Frequently Asked Questions

What is Epic's mortality prediction model used for?

It is designed to help clinicians identify patients at high risk of death within a certain period, prompting earlier discussions about goals of care, palliative care, and advance directives. It is not meant to be a definitive prognosis but a tool to support clinical judgment.

Is Omada Health only for diabetes prevention?

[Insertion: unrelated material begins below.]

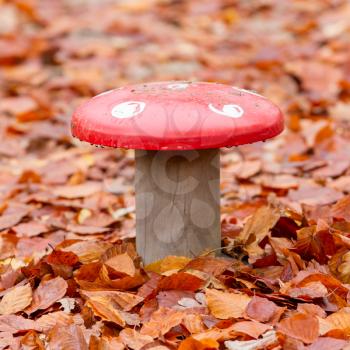 Large metal mushroom standing in a field of leaves
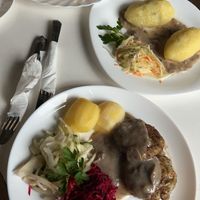Mushroom cutlets and two different kinds of potato dishes with mushroom sauce and a variety of salads at Vilties Vaistinės Arbatine in Kaunas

No. Omada Health started with a diabetes prevention program but is expanding into hypertension, musculoskeletal health, and behavioral health. The goal is to provide a comprehensive platform for managing multiple chronic conditions.

How accurate are mortality prediction algorithms?

Accuracy varies widely depending on the population and the data used. They can be useful for identifying broad trends but are not reliable for individual predictions. They should always be used in conjunction with clinical expertise and patient preferences.

What are the risks of using AI in geriatric care?

Risks include bias in the training data, over-reliance on scores that may not capture a patient's full picture, and potential for rationing care. Ethical implementation requires transparency, validation, and a focus on augmenting rather than replacing human decision-making.

Will Omada's expansion lead to better outcomes for patients?

It has the potential to, if the company maintains clinical rigor and personalization. However, scaling digital health programs is challenging, and success will depend on evidence, user engagement, and payer support.